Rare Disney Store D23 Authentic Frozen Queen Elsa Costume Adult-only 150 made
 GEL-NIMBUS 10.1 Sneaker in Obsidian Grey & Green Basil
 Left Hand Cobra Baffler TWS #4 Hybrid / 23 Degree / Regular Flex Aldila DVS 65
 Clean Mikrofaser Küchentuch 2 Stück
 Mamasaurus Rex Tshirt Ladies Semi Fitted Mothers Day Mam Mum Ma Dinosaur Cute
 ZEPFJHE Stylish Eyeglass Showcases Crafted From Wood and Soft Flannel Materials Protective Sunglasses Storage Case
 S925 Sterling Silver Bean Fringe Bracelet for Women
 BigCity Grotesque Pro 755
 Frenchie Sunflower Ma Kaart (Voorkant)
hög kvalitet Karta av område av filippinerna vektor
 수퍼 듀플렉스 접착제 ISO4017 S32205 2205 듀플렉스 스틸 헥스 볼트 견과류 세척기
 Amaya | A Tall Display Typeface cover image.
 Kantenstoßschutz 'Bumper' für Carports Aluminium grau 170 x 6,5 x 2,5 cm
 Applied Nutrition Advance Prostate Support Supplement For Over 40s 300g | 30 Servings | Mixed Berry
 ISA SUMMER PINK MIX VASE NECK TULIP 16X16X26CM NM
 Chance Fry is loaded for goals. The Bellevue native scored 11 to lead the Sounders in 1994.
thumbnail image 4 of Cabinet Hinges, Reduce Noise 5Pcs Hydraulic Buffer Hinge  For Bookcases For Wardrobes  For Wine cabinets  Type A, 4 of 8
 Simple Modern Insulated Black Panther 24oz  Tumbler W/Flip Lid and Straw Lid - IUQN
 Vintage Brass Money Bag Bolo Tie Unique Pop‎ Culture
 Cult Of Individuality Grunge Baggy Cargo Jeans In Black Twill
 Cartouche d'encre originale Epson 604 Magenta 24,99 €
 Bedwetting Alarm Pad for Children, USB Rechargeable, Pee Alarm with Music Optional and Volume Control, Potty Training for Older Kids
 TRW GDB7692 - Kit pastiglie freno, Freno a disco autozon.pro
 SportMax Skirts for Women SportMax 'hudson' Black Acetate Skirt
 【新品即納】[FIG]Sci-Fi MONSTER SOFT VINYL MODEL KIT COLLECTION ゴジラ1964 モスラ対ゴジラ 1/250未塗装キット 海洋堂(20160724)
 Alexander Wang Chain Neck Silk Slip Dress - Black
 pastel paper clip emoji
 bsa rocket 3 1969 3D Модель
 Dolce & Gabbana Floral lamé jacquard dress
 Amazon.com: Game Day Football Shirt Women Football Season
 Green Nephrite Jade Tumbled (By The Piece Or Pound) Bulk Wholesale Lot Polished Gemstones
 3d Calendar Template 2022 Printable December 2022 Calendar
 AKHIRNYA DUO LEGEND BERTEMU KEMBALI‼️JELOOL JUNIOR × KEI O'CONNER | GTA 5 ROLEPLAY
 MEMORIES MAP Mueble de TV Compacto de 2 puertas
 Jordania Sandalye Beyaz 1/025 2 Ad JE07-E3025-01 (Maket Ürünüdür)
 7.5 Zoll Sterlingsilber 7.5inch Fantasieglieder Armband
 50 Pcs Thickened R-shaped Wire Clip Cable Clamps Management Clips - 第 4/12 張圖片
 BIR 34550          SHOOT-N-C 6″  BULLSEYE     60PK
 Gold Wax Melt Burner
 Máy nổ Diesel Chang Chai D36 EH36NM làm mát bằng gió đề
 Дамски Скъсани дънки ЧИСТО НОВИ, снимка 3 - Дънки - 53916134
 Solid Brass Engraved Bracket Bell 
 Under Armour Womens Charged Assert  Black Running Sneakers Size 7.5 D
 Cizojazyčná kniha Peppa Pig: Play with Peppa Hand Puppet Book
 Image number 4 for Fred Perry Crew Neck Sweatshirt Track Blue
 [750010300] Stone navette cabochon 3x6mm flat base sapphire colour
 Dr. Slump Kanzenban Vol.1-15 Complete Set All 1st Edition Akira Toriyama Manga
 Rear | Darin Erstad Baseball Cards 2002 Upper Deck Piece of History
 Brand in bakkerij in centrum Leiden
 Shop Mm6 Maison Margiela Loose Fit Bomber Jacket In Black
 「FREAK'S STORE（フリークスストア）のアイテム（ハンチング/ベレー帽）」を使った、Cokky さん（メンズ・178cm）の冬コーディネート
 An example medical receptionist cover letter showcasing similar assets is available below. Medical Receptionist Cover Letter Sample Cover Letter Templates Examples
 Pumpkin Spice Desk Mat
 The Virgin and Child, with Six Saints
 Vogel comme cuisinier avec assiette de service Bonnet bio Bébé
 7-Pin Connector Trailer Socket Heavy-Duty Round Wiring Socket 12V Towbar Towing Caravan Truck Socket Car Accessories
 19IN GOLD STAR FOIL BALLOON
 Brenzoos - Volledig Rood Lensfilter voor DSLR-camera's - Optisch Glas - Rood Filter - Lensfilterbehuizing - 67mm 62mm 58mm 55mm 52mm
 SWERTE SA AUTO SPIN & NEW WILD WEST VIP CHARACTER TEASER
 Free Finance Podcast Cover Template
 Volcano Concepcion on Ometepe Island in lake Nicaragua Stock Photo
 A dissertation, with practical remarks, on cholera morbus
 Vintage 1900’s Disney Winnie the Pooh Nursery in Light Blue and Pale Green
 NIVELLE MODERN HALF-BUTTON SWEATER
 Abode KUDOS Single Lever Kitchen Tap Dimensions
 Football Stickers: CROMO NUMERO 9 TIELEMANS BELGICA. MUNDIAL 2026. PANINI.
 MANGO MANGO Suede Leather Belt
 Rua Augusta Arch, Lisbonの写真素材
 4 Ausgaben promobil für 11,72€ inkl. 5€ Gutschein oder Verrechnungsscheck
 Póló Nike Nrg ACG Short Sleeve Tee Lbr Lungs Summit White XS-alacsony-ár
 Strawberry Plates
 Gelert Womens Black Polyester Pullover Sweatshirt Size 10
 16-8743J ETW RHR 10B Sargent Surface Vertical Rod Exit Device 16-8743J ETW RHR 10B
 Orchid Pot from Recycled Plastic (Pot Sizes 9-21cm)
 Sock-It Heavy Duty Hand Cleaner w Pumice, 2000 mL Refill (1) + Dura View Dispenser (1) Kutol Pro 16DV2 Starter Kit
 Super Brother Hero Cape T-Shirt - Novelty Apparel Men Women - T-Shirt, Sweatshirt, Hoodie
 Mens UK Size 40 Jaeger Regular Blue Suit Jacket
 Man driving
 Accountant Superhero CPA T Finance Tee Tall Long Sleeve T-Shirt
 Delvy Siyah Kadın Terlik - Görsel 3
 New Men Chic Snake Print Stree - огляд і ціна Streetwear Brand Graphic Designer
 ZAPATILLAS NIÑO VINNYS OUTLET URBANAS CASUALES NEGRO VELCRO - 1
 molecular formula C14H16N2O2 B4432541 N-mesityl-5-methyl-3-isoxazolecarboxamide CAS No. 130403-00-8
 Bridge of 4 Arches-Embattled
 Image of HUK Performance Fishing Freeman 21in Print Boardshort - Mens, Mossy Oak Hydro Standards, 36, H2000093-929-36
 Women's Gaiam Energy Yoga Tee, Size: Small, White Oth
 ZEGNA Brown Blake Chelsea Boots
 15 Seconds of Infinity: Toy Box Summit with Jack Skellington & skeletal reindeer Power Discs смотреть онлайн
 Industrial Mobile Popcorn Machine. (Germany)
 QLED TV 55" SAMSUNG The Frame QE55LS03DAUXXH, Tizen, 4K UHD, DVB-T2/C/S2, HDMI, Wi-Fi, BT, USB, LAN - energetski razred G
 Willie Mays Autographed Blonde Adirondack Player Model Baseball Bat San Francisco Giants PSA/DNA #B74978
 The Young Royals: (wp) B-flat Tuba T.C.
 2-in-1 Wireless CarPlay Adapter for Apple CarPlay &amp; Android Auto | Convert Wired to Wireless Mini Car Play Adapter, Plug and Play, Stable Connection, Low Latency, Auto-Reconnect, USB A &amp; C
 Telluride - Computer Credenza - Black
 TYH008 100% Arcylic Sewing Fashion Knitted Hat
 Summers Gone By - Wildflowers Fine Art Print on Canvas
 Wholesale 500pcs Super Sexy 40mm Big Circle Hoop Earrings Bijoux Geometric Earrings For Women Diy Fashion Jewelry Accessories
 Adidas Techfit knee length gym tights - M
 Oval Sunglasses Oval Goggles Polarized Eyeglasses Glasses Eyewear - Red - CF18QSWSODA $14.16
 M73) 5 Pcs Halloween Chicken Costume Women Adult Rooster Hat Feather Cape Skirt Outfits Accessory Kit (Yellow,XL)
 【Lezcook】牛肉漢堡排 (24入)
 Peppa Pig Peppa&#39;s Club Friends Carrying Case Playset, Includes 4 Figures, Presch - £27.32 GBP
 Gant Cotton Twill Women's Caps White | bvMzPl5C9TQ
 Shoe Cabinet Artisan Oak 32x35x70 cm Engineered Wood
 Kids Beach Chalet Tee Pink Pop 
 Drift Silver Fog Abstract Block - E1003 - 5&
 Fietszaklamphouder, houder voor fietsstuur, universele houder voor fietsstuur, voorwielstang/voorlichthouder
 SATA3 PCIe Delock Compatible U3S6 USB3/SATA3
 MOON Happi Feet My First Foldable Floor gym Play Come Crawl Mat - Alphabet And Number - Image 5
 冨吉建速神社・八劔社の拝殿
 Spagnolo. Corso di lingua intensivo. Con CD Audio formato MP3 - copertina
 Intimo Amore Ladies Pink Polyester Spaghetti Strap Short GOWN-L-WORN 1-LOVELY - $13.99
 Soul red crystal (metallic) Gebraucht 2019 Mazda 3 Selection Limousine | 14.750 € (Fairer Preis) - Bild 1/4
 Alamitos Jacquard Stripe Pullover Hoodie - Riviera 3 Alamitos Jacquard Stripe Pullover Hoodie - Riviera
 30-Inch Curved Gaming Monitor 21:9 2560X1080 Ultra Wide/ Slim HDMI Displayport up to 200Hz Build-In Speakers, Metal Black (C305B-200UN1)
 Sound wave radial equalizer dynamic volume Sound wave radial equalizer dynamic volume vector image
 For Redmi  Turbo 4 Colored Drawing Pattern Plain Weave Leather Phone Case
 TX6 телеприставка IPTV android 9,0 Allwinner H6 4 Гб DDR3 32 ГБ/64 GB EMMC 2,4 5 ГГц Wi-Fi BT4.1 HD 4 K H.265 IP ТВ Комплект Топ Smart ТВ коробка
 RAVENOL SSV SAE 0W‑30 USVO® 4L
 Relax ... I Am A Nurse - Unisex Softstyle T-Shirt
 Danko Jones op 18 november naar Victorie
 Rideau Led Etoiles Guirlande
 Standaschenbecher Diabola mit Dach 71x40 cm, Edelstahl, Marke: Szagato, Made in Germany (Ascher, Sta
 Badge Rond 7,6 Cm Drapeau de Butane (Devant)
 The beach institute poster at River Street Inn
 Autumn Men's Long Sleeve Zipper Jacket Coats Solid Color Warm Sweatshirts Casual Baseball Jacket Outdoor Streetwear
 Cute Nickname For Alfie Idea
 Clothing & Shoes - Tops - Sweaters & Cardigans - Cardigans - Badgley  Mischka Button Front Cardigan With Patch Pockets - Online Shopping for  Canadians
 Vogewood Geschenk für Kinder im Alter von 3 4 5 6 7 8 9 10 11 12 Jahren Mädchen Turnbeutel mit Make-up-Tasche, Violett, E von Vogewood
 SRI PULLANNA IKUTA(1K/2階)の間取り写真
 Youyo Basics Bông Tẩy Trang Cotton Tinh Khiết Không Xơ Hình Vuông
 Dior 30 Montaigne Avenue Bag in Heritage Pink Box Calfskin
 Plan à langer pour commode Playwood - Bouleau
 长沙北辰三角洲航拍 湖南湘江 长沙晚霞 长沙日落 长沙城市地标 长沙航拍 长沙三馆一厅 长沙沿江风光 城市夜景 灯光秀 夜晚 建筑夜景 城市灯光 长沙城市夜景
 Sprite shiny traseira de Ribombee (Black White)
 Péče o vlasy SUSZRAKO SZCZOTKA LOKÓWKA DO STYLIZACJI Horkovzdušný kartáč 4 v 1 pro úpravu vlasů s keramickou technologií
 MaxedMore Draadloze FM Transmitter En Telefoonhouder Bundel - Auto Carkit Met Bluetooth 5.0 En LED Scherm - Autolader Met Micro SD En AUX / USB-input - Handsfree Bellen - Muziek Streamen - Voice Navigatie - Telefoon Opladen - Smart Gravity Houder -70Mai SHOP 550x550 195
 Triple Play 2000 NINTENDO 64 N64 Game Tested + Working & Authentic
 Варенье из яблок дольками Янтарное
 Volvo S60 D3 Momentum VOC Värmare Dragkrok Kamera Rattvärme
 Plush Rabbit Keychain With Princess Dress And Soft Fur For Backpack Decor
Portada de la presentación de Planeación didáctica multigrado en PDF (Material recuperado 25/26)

────────────────────────────────────────

• [WHAT IS BEING ASKED] Set down, exactly as they appear above, all lines from the one that has "Brenzoos - Volledig" down to the one that has "Rua Augusta Arch, Lisbonの写真素材", including those two and no others.

• [EXERCISE RESPONSE]
 Brenzoos - Volledig Rood Lensfilter voor DSLR-camera's - Optisch Glas - Rood Filter - Lensfilterbehuizing - 67mm 62mm 58mm 55mm 52mm
 SWERTE SA AUTO SPIN & NEW WILD WEST VIP CHARACTER TEASER
 Free Finance Podcast Cover Template
 Volcano Concepcion on Ometepe Island in lake Nicaragua Stock Photo
 A dissertation, with practical remarks, on cholera morbus
 Vintage 1900’s Disney Winnie the Pooh Nursery in Light Blue and Pale Green
 NIVELLE MODERN HALF-BUTTON SWEATER
 Abode KUDOS Single Lever Kitchen Tap Dimensions
 Football Stickers: CROMO NUMERO 9 TIELEMANS BELGICA. MUNDIAL 2026. PANINI.
 MANGO MANGO Suede Leather Belt
 Rua Augusta Arch, Lisbonの写真素材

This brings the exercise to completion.